Brad DeLong's Semi-Daily Journal: Global Excess Liquidity?:
Brad DeLong has provided a simple, brief explanation of the economic problem looming over the country:
"Where I see the potential problem is that the dollar is overvalued and may--any moment--fall by 40% or more, should international currency speculators decide that the dollar's run is over and should central banks decide that keeping the value of the dollar high is now too expensive. The United States currently imports 16% of GDP. A 40% price rise in 16% of GDP is a one-shot 6 percentage point increase in the price level. The Federal Reserve is not going to let the inflation rate jump far above 3% per year: it will respond to a falling value of the dollar and the resulting accelerating inflation by raising interest rates far and fast. Thus should a sudden 40% (or more) fall in the dollar take place, a big recession follows.

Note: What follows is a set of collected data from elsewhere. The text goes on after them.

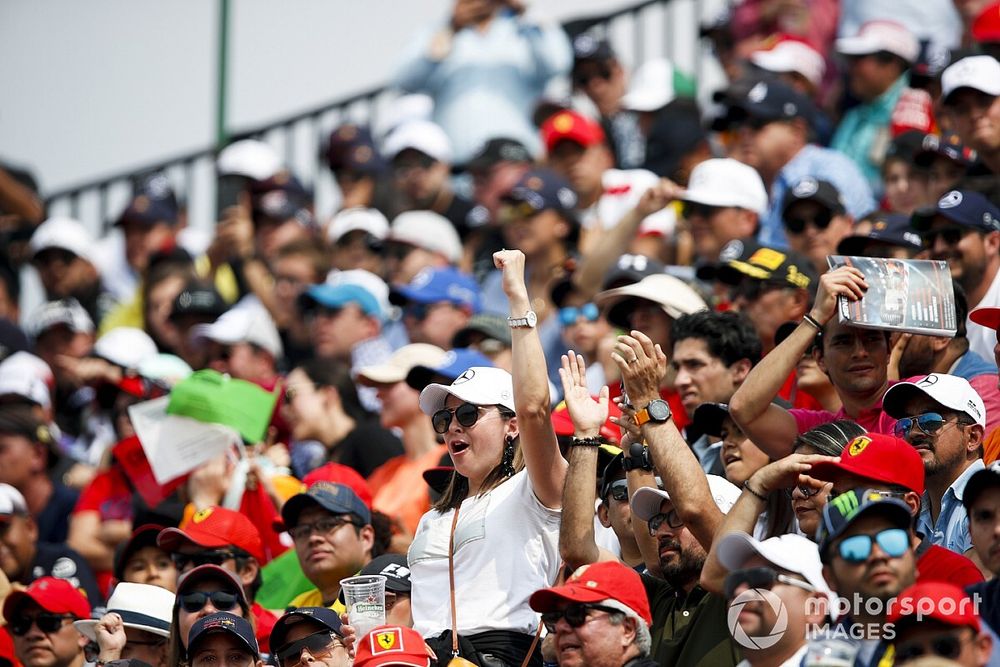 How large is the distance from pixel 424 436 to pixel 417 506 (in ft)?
2.14

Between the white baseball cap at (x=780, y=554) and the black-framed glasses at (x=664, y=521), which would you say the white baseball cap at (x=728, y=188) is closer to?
the black-framed glasses at (x=664, y=521)

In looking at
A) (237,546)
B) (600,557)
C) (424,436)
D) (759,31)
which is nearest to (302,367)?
(424,436)

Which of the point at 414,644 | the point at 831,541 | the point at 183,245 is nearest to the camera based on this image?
the point at 831,541

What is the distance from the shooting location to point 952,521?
7000 mm

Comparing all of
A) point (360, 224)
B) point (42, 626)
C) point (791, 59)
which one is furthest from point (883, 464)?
point (360, 224)

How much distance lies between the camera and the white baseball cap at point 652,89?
43.8 feet

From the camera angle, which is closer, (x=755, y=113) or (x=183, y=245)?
(x=755, y=113)

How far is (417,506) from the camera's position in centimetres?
932

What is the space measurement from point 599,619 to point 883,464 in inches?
44.3

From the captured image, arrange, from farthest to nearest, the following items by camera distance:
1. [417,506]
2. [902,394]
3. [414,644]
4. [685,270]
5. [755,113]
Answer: [755,113]
[685,270]
[417,506]
[902,394]
[414,644]

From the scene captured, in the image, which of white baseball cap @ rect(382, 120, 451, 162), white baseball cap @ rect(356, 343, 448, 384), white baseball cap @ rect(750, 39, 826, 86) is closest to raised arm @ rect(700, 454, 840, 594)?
white baseball cap @ rect(356, 343, 448, 384)

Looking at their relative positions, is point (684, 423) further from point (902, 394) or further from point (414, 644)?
point (414, 644)

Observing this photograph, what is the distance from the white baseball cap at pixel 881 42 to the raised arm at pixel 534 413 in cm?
555

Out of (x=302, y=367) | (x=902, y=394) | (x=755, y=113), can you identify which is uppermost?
(x=902, y=394) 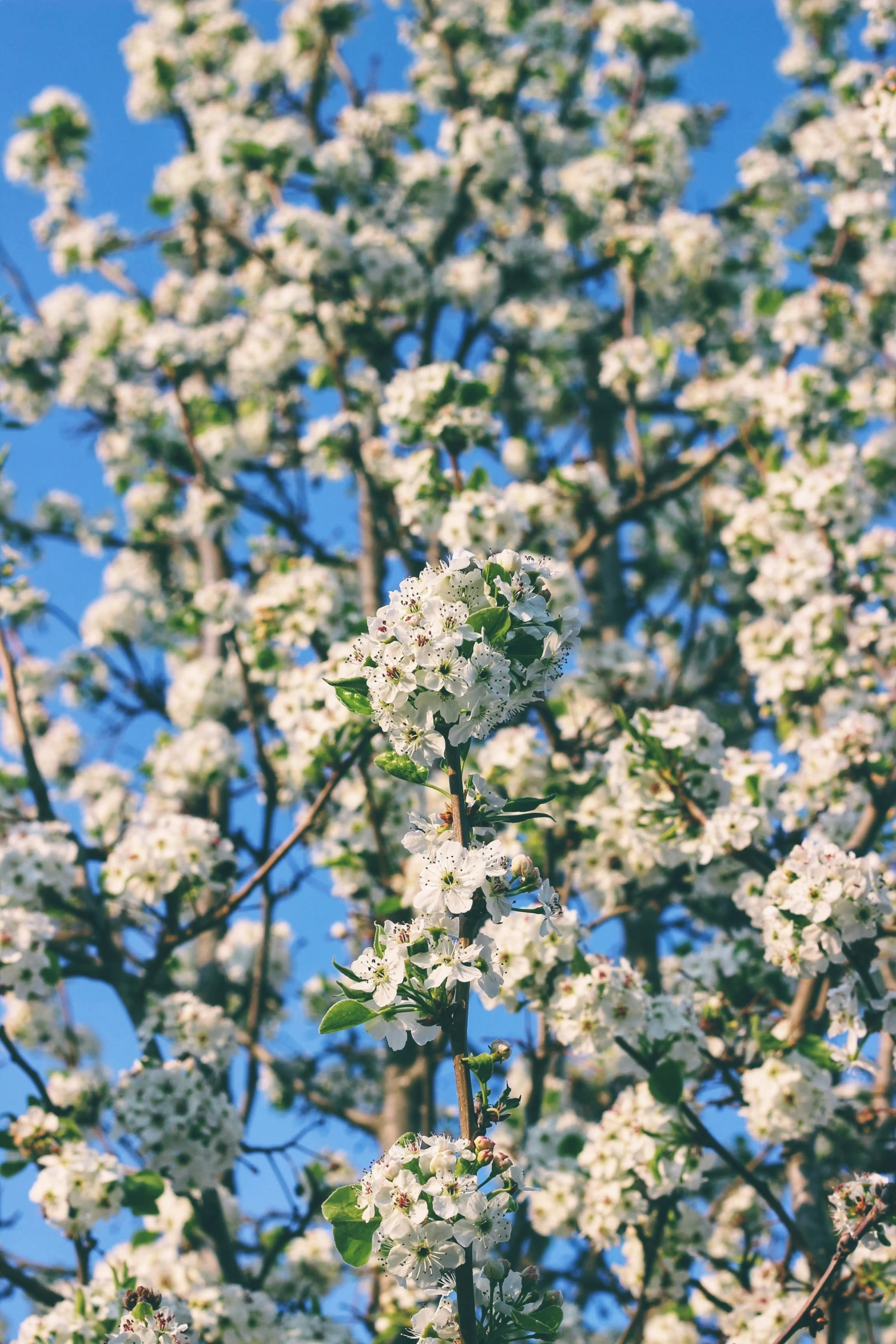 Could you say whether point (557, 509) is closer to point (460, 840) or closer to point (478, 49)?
point (460, 840)

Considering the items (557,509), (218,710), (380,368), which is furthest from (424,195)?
(218,710)

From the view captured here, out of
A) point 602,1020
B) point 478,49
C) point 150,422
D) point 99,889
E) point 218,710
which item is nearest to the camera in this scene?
point 602,1020

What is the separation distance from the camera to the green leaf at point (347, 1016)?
2.77m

"The way to try to head off this potential problem is to try to make sure that the decline in the dollar takes place slowly and gradually. Slowly shrink the federal government budget deficit--even move the government budget into surplus. Take other steps to shrink gross domestic purchases relative to gross domestic product. Allow other currencies to slowly appreciate relative to the dollar so that the supply shock delivered by dollar decline is spread out and small in any one time period.
"But raising interest rates is not a way to head off this potential problem. A balanced increase in interest rates would not affect the dollar, and leave the dollar overvaluation problem as serious as ever. An increase in U.S. interest rates would make dollar-denominated assets more attractive, and increase the magnitude of the dollar valuation problem. An increase in U.S. interest rates would raise U.S. unemployment. And to what gain?"
Like the War in Iraq, this economic situation presents a very real threat of "Hooverization." That is, the Bush administration may well succeed in pushing this problem off onto whoever is fool enough to get elected President in 2008. Putting off this economic disaster to 2009 or beyond is certainly feasible, and, for the conspiracy theorists among you, many of Bush's proposals on taxes, Social Security, etc., are loaded out there in 2009-2011, creating, in effect, timebombs, for whomever follows George "Apres Moi" Bush.
The kind of soft landing Brad describes was accomplished, more or less, by Clinton in the 1990's. Don't bet on Hillary doing such a great job. And, don't bet on a Republican at the Federal Reserve cooperating with a Democrat. The right-wing want deflation. The merely rich and very rich are not concerned about losing their jobs, and are more than willing to sacrifice the American middle classes to preserving the value of their claims on the U.S. treasury. Better 10% unemployment, blamed by the corporate right-wing media on a Democrat, than a bout of (wage) inflation. Rising wages are so icky!